Items listed in a dataset
^^^^
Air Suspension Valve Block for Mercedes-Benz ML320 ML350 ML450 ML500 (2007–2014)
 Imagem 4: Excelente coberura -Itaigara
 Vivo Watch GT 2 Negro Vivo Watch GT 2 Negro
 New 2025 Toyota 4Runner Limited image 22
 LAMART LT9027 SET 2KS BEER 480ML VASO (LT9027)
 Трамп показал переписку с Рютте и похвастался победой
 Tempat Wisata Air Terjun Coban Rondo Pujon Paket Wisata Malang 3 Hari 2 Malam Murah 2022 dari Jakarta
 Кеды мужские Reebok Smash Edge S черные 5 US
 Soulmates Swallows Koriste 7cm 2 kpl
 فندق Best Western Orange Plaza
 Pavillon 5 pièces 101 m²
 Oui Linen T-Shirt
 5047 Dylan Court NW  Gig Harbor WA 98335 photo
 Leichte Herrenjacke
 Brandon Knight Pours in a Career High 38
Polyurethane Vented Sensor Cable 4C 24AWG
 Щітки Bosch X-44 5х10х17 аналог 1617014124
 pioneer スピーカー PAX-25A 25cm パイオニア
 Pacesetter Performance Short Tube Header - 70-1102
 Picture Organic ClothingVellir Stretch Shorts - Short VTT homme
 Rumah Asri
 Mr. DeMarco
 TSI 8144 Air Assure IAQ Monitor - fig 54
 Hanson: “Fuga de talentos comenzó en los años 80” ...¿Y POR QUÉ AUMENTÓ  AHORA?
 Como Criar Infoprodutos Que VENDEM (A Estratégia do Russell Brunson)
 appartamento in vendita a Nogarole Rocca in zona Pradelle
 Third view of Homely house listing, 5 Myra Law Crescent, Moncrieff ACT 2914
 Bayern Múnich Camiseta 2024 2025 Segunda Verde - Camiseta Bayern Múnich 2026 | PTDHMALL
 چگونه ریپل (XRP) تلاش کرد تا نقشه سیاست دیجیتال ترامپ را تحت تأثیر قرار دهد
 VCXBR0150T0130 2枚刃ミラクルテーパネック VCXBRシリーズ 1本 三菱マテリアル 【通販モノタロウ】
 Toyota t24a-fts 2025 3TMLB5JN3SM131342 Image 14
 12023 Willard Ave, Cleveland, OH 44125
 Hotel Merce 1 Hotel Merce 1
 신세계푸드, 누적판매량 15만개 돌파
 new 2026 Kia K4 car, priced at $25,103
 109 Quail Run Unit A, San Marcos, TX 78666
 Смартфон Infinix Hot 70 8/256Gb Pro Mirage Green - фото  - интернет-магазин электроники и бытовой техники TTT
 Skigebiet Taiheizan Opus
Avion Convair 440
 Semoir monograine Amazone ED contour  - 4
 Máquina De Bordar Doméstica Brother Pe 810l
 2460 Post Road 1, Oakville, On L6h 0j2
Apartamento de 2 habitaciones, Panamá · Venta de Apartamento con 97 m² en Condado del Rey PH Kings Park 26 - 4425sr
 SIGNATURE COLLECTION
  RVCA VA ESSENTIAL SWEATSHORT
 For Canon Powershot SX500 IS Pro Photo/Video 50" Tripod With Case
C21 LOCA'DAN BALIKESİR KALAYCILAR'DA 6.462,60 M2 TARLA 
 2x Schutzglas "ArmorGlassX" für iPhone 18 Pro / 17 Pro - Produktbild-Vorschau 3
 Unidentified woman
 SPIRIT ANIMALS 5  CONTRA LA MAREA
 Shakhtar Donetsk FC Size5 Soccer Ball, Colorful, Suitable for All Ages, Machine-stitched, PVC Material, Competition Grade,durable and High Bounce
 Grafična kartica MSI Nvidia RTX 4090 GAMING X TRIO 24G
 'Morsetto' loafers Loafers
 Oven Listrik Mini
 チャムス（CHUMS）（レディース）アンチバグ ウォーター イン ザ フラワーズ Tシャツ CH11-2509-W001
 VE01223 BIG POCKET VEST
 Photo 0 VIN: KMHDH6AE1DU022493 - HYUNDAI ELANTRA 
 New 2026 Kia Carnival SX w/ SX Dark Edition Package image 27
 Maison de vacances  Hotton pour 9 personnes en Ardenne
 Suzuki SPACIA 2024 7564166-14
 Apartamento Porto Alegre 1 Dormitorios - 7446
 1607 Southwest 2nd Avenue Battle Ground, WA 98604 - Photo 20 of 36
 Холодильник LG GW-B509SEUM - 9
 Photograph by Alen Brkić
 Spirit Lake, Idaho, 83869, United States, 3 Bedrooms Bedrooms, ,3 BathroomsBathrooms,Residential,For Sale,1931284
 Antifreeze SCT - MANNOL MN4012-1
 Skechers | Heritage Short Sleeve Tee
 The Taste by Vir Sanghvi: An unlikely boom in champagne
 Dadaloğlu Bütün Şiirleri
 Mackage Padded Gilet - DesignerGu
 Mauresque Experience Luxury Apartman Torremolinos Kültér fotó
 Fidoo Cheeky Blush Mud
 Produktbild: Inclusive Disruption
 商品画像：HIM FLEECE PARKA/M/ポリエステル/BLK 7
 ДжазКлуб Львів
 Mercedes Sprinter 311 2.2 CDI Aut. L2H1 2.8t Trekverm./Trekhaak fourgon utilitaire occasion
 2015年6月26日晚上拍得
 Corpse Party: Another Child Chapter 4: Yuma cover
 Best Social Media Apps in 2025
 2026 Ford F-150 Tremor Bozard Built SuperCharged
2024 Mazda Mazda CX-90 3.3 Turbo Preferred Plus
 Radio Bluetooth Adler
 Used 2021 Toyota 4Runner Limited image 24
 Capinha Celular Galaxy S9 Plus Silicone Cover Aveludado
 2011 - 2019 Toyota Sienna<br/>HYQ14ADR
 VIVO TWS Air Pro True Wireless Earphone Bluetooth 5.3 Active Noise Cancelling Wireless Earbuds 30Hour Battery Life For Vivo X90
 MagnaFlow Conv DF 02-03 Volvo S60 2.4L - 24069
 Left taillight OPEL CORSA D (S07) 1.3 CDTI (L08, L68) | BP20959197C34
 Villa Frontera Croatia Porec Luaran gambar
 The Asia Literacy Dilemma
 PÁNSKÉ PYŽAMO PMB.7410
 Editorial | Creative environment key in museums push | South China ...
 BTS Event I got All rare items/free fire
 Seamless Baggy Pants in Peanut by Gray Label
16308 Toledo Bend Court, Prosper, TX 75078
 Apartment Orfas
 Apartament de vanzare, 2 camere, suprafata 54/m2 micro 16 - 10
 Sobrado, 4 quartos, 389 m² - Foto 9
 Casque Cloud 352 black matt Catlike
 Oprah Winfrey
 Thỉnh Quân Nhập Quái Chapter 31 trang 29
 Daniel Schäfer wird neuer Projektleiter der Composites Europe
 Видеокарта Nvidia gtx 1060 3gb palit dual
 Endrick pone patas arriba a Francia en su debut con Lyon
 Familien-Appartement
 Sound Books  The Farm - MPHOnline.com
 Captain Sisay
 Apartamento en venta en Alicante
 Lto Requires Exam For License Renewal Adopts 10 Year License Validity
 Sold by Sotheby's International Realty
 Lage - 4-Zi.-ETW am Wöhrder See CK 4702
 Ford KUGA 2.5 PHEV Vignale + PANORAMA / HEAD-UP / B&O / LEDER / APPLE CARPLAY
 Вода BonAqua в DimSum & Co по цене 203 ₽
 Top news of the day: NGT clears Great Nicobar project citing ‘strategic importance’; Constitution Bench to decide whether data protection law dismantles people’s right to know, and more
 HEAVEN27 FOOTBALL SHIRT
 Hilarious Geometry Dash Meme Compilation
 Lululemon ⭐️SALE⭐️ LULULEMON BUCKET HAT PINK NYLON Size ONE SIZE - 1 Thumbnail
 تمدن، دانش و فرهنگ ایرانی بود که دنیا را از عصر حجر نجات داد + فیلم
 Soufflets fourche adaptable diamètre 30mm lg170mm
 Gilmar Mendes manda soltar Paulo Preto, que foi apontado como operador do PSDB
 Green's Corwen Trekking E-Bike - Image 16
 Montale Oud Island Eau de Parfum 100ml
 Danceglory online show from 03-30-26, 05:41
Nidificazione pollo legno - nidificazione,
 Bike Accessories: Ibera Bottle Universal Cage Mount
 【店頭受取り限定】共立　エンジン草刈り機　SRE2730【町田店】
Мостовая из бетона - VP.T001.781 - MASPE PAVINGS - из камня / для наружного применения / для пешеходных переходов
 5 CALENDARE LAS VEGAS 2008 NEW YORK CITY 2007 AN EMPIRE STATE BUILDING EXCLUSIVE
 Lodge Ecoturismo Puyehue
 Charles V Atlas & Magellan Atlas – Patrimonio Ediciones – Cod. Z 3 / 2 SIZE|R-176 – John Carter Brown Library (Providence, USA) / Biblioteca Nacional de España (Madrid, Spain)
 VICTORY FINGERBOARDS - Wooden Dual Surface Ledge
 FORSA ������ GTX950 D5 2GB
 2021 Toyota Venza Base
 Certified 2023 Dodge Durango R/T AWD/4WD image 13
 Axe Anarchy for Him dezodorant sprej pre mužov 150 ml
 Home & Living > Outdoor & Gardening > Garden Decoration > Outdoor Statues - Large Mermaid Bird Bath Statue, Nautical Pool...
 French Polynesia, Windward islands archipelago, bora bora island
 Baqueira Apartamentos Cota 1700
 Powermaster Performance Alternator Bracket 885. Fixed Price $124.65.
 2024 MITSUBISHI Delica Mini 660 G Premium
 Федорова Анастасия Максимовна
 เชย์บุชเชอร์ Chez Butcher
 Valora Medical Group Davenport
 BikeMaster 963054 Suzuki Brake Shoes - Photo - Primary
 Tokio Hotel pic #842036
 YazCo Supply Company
^^^^
- _How to complete this task_
Return word for word the lines above from the line with "Mercedes Sprinter 311" to the line with "Seamless Baggy Pants in Peanut by Gray Label", including both and leaving out all others.

- _Expected answer_
 Mercedes Sprinter 311 2.2 CDI Aut. L2H1 2.8t Trekverm./Trekhaak fourgon utilitaire occasion
 2015年6月26日晚上拍得
 Corpse Party: Another Child Chapter 4: Yuma cover
 Best Social Media Apps in 2025
 2026 Ford F-150 Tremor Bozard Built SuperCharged
2024 Mazda Mazda CX-90 3.3 Turbo Preferred Plus
 Radio Bluetooth Adler
 Used 2021 Toyota 4Runner Limited image 24
 Capinha Celular Galaxy S9 Plus Silicone Cover Aveludado
 2011 - 2019 Toyota Sienna<br/>HYQ14ADR
 VIVO TWS Air Pro True Wireless Earphone Bluetooth 5.3 Active Noise Cancelling Wireless Earbuds 30Hour Battery Life For Vivo X90
 MagnaFlow Conv DF 02-03 Volvo S60 2.4L - 24069
 Left taillight OPEL CORSA D (S07) 1.3 CDTI (L08, L68) | BP20959197C34
 Villa Frontera Croatia Porec Luaran gambar
 The Asia Literacy Dilemma
 PÁNSKÉ PYŽAMO PMB.7410
 Editorial | Creative environment key in museums push | South China ...
 BTS Event I got All rare items/free fire
 Seamless Baggy Pants in Peanut by Gray Label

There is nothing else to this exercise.